The Office of Academic Affairs administers faculty policies and provides clerical, research, and statistical support for the faculty as needed. The Deans and the Chair of the EPC meet weekly with the Provost, and the Provost holds several department/program chair meetings a year. The Provost also is the Chair designate of the President to the Advisory Committee with voice but no vote.
Changes in the structures and procedures of faculty governance were instituted around the time of the last NEASC reaccreditation self-study. In particular, in 2001 the Office of the Academic Secretary and the FEC were established, and, in an institutionally historic move, the by-laws of the Academic Council were revised to shift the responsibility of overseeing tenure and promotion cases from the Academic Council to the newly established RAB. (The Academic Council retained its oversight of procedures and by-laws respecting faculty tenure and promotion.) The FEC and RAB were reviewed in the fall of 2006 by a faculty ad hoc committee on governance, which recommended their continuation.
In 2005, then-President Douglas Bennet issued a policy statement defining the excellence standards in scholarship, teaching, and colleagueship for promotion and tenure and the role of the President in that process. His successor, Michael Roth, has affirmed this policy statement. This statement serves as fundamental point of reference for the evaluation of tenure and promotion cases.
Appraisal
Advances in computer technology have enabled more efficient measures for disseminating information pertaining to faculty governance and conducting faculty elections. In 2000 the online faculty portfolio became available, and the faculty governance section of faculty portfolios now contains a number of relevant items: including FEC agendas and policies, EPC annual reports, rosters of faculty committees, faculty meeting archives, and the Faculty Handbook. Electronic online balloting for faculty elections was introduced in 2001, and 12 elections are conducted by this means each spring semester. The average voter participation rate per election was 35% in 2009, 34% in 2009, 32% in 2010, and 31% in 2011.
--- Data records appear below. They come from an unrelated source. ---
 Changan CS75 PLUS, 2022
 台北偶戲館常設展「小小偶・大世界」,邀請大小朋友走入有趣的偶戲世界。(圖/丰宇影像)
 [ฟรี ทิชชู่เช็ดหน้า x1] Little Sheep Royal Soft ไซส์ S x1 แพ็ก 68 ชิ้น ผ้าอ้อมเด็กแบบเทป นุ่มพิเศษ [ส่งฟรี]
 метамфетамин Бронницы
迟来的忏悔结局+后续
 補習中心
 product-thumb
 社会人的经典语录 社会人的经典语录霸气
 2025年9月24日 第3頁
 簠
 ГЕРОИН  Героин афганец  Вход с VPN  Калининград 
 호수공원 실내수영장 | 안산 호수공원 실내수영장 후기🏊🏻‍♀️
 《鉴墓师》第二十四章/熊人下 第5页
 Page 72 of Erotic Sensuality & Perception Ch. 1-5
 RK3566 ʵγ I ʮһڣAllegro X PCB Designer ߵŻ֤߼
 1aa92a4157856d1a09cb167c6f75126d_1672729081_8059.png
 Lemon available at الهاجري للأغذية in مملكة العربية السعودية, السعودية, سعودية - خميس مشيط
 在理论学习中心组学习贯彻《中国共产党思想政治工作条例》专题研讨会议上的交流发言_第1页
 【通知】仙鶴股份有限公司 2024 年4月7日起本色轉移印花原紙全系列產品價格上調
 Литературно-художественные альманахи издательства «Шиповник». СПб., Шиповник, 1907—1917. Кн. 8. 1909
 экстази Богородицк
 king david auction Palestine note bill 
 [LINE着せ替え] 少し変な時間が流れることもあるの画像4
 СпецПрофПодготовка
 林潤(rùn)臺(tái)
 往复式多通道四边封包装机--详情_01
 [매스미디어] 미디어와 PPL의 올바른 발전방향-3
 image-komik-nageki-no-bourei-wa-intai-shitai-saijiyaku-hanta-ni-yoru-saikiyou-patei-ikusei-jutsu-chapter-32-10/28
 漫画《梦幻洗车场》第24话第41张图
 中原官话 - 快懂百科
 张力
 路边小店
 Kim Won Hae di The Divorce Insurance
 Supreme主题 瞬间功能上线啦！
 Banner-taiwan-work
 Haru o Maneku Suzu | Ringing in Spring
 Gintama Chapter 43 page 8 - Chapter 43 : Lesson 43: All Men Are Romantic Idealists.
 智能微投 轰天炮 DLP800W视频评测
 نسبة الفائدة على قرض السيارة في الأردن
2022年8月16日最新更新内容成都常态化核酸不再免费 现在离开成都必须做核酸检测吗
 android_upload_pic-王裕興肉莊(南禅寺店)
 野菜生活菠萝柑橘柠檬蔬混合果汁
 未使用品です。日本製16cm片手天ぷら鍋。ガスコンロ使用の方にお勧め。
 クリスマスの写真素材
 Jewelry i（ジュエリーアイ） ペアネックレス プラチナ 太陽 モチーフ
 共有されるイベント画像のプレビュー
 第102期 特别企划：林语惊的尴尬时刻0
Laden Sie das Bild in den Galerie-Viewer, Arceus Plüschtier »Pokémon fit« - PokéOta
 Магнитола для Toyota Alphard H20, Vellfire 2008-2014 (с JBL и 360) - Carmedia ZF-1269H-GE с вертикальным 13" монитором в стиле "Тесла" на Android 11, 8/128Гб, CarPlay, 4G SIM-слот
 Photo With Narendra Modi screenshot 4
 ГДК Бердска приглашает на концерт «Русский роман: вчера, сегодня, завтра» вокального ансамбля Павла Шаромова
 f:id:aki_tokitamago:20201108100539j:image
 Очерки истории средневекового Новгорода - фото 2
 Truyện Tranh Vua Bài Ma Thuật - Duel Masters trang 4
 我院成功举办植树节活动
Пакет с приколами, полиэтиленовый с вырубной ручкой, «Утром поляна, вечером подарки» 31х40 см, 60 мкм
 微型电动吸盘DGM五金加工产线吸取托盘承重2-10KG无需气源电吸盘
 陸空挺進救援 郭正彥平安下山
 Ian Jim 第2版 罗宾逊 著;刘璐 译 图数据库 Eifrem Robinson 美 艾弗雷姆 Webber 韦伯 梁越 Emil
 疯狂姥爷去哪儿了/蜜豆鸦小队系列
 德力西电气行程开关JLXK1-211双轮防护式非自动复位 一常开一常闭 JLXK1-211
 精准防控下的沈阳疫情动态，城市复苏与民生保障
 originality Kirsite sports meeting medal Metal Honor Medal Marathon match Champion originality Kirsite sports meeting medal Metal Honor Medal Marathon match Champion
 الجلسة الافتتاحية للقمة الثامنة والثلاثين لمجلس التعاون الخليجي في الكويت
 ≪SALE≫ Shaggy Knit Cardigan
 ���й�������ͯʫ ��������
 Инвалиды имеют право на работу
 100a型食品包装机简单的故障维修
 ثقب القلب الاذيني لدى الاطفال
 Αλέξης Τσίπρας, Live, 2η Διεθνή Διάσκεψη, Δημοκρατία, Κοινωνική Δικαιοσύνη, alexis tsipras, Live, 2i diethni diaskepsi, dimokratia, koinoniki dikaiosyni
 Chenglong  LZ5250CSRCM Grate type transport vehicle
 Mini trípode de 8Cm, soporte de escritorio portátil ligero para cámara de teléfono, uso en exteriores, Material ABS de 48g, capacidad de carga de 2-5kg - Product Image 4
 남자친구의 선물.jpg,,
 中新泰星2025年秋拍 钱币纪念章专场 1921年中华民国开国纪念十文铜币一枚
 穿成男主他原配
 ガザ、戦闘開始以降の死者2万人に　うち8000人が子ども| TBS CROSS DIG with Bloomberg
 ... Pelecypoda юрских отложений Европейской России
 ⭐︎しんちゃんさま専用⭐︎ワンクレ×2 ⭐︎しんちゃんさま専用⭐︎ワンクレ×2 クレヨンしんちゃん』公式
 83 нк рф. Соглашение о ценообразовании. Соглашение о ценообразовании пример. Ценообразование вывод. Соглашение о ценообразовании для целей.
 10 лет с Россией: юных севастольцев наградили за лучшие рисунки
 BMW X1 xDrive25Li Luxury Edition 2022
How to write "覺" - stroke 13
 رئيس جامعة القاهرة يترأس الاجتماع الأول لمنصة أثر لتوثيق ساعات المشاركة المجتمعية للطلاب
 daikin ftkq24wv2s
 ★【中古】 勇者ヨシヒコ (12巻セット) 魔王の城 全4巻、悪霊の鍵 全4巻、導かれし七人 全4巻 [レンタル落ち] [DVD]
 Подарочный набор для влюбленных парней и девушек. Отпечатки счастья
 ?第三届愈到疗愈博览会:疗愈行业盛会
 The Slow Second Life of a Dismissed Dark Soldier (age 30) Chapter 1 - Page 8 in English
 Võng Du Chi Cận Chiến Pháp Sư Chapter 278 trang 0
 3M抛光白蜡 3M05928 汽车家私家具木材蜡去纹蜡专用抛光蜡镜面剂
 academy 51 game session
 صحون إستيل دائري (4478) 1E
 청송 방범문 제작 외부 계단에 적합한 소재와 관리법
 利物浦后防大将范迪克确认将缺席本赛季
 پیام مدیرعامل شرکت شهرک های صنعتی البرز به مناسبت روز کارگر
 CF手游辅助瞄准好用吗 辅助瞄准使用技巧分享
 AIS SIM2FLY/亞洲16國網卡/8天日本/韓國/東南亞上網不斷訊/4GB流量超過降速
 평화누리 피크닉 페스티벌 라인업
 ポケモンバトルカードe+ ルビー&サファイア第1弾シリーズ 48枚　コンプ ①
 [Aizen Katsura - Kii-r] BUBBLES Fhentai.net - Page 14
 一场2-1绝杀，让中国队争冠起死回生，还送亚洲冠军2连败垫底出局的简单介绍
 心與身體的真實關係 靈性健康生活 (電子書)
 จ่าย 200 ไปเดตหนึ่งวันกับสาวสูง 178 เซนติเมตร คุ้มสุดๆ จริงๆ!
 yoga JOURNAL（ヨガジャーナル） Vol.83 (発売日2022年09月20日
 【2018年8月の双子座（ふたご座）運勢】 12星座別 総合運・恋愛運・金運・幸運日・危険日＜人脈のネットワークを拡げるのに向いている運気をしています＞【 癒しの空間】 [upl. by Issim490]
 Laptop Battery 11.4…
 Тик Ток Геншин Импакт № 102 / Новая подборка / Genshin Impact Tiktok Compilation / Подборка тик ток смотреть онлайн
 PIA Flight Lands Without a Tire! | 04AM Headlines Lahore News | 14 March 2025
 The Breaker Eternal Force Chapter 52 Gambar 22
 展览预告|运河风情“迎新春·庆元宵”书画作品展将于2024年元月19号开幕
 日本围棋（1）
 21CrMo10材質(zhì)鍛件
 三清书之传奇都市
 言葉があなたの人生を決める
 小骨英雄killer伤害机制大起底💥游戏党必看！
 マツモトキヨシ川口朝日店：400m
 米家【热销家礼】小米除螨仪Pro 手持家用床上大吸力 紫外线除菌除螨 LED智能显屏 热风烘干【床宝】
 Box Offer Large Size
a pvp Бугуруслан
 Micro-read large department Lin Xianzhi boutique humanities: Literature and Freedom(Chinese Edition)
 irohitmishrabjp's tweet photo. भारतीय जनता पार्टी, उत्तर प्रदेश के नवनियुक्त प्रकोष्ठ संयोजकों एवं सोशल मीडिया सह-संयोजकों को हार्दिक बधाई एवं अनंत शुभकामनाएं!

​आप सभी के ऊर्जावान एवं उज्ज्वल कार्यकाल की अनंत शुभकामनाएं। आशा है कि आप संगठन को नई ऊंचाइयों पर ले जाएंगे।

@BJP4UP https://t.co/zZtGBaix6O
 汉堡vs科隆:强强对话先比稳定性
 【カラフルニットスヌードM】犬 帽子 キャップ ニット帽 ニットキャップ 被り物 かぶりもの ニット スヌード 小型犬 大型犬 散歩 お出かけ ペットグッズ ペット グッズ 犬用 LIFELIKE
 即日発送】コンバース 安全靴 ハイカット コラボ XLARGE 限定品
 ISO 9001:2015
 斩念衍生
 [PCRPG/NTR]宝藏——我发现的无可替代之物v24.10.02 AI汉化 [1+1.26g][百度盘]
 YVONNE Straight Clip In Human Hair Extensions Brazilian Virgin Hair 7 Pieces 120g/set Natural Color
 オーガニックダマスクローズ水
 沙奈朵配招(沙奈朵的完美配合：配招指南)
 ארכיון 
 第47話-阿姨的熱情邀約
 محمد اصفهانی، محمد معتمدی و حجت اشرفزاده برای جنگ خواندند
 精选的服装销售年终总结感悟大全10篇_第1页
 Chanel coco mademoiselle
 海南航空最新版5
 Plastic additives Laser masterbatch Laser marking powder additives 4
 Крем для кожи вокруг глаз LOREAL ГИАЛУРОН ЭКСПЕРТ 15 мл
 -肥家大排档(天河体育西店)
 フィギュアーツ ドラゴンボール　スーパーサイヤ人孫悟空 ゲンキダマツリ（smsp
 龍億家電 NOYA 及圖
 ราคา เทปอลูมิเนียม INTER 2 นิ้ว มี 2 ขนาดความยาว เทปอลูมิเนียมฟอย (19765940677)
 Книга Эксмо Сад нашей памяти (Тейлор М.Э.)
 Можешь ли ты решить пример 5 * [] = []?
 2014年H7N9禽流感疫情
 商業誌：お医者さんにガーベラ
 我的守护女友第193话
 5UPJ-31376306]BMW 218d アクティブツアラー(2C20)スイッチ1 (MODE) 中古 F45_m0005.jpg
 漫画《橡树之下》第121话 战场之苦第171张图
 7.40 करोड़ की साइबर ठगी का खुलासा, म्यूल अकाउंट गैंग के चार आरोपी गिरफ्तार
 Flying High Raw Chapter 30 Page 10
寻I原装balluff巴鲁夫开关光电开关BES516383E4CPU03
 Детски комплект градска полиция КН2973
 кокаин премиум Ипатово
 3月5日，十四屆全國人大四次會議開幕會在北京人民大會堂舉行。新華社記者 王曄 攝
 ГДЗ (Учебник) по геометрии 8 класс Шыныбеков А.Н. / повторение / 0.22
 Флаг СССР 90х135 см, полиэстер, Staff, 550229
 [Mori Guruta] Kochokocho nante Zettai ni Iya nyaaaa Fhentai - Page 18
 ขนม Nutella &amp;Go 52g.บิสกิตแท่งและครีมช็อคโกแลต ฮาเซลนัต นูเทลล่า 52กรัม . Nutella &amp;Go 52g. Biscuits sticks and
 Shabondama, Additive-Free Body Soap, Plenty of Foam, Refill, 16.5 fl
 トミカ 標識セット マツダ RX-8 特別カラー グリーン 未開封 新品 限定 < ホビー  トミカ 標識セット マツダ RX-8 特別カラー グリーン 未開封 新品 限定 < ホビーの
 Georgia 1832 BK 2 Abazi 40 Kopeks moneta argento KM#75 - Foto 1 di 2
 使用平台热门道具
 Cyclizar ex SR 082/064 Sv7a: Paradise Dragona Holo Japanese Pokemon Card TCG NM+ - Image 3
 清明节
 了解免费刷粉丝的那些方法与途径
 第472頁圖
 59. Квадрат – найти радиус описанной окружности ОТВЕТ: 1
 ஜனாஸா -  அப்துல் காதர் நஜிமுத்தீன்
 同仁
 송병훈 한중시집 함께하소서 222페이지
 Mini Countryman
THE FACULTY: Of the 62 motions brought to the faculty meeting during the last 10 years, 58 were passed, three were rejected, and one was withdrawn. On average, six action items per year were passed by the faculty. Several of the motions were amended in the meeting by the faculty after discussion and before final vote. A few examples are cited here to illustrate the diversity of issues approved by the faculty: a motion from the EPC to establish a prison education program in 2011, a Certificate in Civic Engagement in 2010 (one of 11 certificate programs approved in the past decade), and a motion brought by the FEC in 2009 to establish an ad hoc committee to advise the President on possible budgetary responses to the economic crisis. This particular ad-hoc committee increased the degree of meaningful consultation with the administration on budgetary matters. Over the last ten years, the University has made increased use of such ad hoc committees and task forces.vii
While the faculty as a whole has been actively and effectively engaged in governance, there is a continuing problem with narrow participation. Despite legislation in 2008 to limit years of committee service by any one faculty member (thereby opening up opportunities for others), faculty leadership has tended to be elected from the same pool of “usual suspects.” Attendance at faculty meetings ranges from 25% to 50%. Efforts have been made to encourage greater attendance via repeated reminders of upcoming meetings and making agendas and accompanying materials more readily available online. In addition, in the current academic year the faculty chair and vice chair set up an online “Moodle” page to which all faculty members are invited to submit their comments and concerns about governance issues, but it is too early to determine if such efforts will have a lasting effect on faculty participation. In spring 2012 the Provost, at the request of the Faculty Chair and Vice Chair, convened an ad hoc committee on faculty service and participation, and the report is forthcoming.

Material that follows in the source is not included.